_Work required_
Each line from the one that contains "Как нарисовать Абстрактную" through the end of the entries should be repeated exactly, with nothing added.
=== Information shown ===
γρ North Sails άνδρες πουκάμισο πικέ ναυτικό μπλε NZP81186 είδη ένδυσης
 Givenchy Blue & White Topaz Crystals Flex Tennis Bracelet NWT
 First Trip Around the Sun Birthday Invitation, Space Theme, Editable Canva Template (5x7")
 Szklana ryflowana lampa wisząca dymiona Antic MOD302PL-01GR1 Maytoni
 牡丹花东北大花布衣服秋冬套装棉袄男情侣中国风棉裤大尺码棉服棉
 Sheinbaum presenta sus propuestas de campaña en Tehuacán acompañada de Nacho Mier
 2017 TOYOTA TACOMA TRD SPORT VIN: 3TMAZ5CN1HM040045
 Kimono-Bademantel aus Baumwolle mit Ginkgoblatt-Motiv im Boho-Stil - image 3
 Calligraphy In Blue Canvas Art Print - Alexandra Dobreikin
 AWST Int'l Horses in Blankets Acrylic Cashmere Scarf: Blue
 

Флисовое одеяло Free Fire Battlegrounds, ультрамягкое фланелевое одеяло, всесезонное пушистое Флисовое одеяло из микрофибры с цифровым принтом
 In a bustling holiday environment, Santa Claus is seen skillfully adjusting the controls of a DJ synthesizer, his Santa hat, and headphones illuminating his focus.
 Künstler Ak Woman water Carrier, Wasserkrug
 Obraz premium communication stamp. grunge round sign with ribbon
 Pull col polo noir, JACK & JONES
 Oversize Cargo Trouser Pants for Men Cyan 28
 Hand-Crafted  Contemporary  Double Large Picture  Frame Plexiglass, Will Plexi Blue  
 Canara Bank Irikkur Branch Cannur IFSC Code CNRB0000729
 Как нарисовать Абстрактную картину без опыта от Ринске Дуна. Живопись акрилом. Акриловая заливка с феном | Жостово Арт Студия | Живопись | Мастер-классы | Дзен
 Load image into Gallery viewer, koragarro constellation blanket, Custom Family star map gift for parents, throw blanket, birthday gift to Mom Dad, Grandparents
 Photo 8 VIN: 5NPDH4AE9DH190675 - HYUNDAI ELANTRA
===
_Solved exercise_
 Как нарисовать Абстрактную картину без опыта от Ринске Дуна. Живопись акрилом. Акриловая заливка с феном | Жостово Арт Студия | Живопись | Мастер-классы | Дзен
 Load image into Gallery viewer, koragarro constellation blanket, Custom Family star map gift for parents, throw blanket, birthday gift to Mom Dad, Grandparents
 Photo 8 VIN: 5NPDH4AE9DH190675 - HYUNDAI ELANTRA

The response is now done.